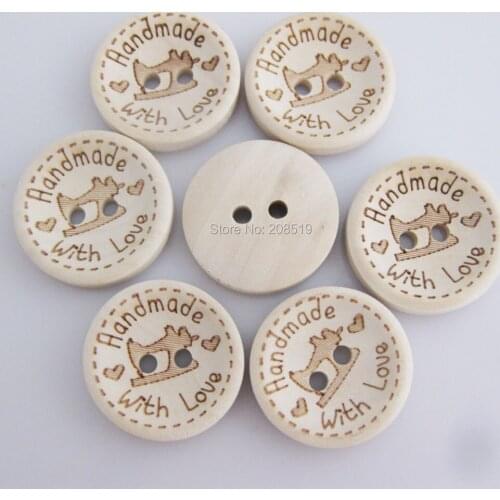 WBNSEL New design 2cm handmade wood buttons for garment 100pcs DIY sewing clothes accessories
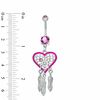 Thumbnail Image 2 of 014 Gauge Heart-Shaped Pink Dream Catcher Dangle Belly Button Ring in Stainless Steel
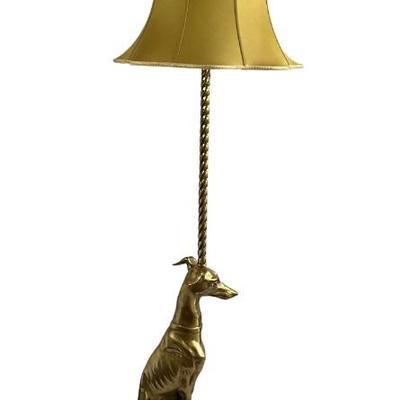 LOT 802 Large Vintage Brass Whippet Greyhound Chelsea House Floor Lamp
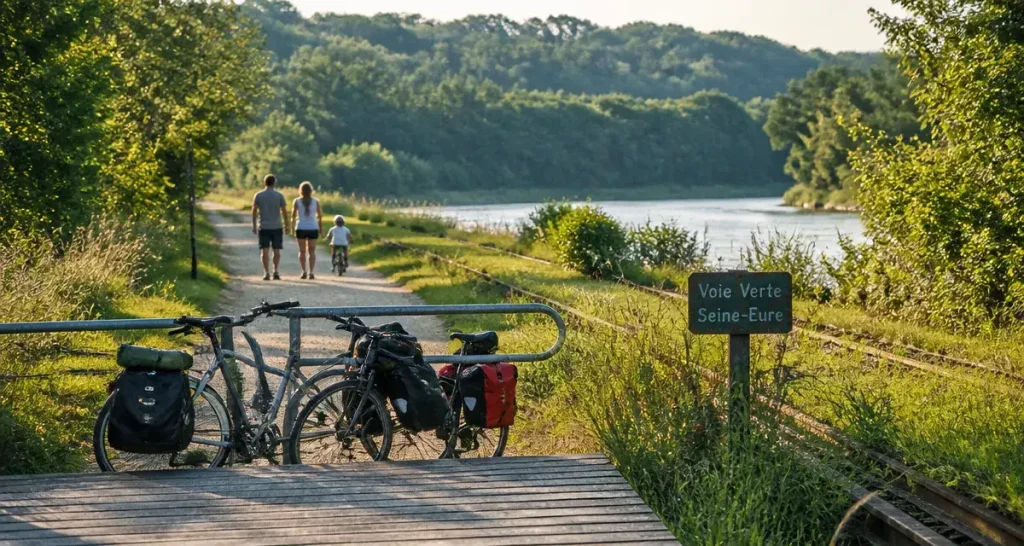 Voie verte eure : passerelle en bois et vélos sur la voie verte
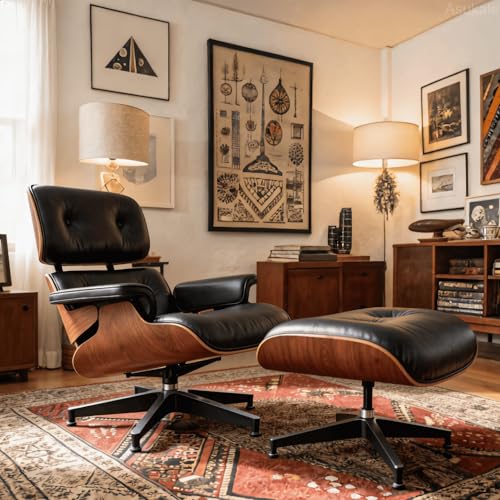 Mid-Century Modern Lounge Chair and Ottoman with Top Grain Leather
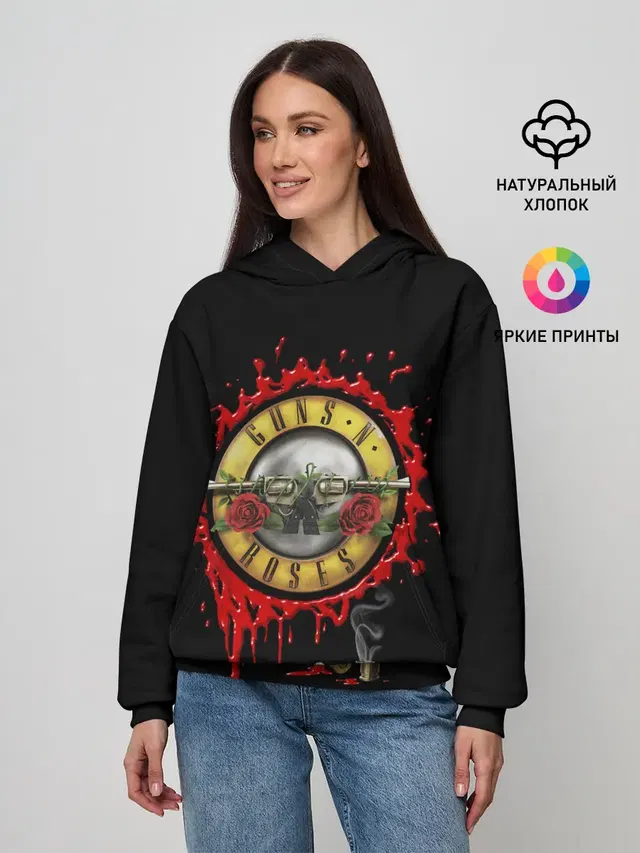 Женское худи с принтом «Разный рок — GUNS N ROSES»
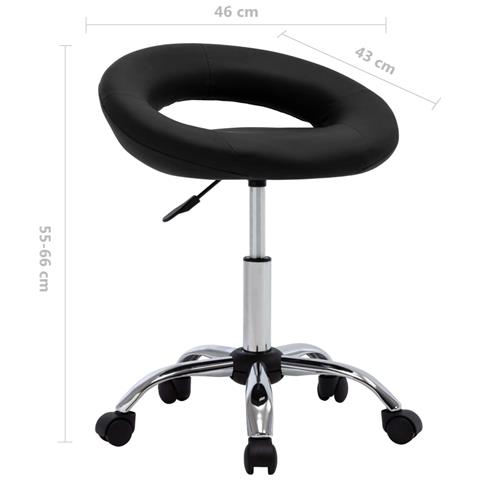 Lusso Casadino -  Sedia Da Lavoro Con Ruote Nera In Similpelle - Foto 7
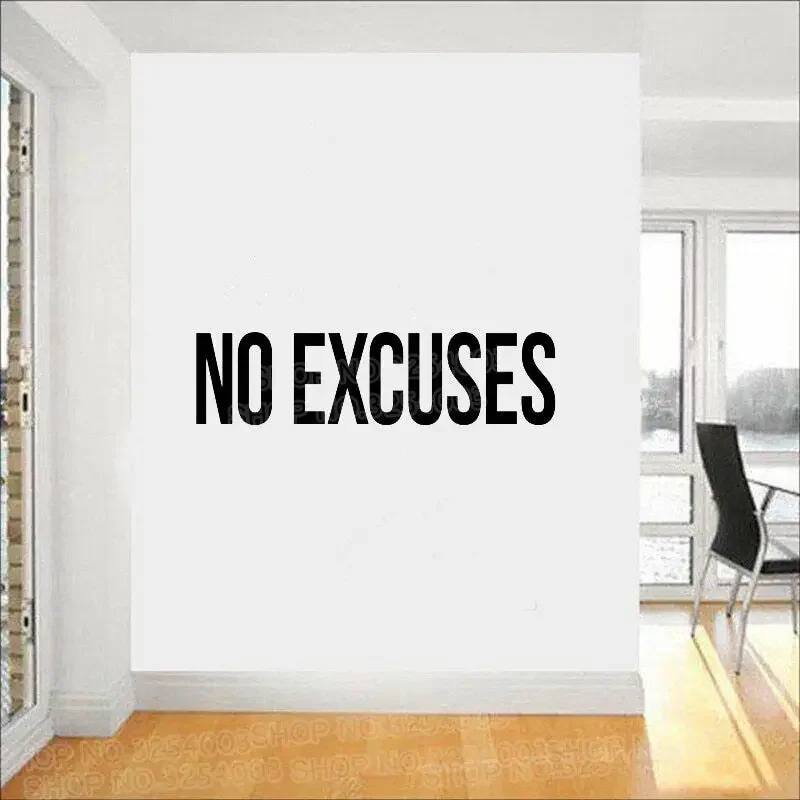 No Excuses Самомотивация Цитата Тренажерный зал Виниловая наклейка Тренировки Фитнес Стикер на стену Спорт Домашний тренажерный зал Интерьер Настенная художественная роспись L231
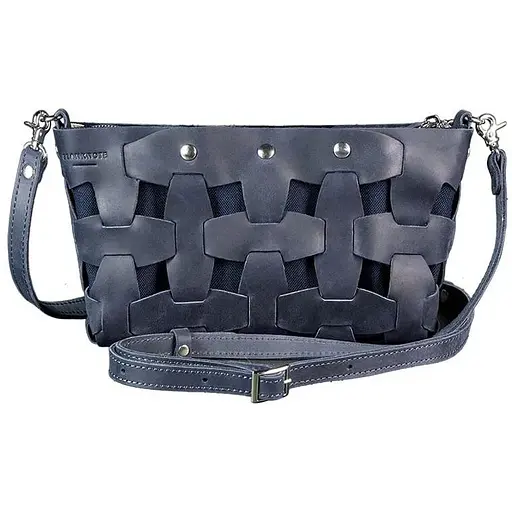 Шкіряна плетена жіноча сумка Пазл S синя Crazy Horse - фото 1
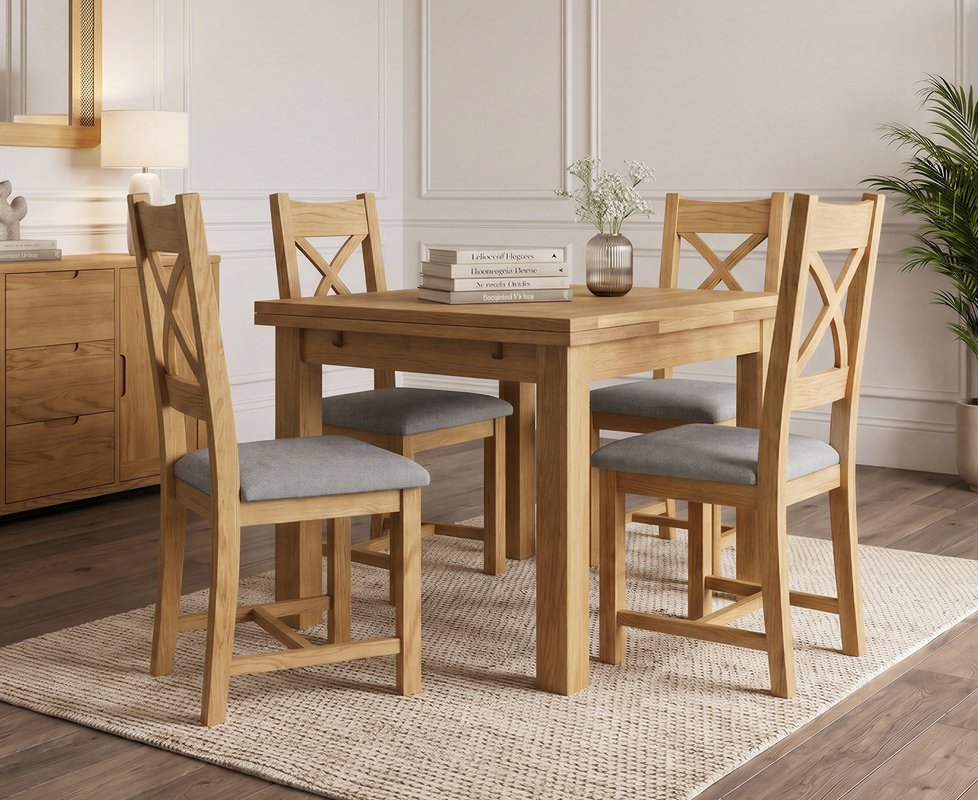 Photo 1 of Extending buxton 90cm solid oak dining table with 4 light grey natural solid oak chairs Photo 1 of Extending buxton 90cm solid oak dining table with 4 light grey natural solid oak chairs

_ _ _ _ _

> [TASK DESCRIPTION]
What is needed is the exact run of lines from the start of the data through the line with "Женское худи с", both ends included, minus the pictures.

> [ANSWER TO THIS EXERCISE]
 WBNSEL New design 2cm handmade wood buttons for garment 100pcs DIY sewing clothes accessories
 Thumbnail Image 2 of 014 Gauge Heart-Shaped Pink Dream Catcher Dangle Belly Button Ring in Stainless Steel
 LOT 802 Large Vintage Brass Whippet Greyhound Chelsea House Floor Lamp
 Voie verte eure : passerelle en bois et vélos sur la voie verte
 Mid-Century Modern Lounge Chair and Ottoman with Top Grain Leather
 Женское худи с принтом «Разный рок — GUNS N ROSES»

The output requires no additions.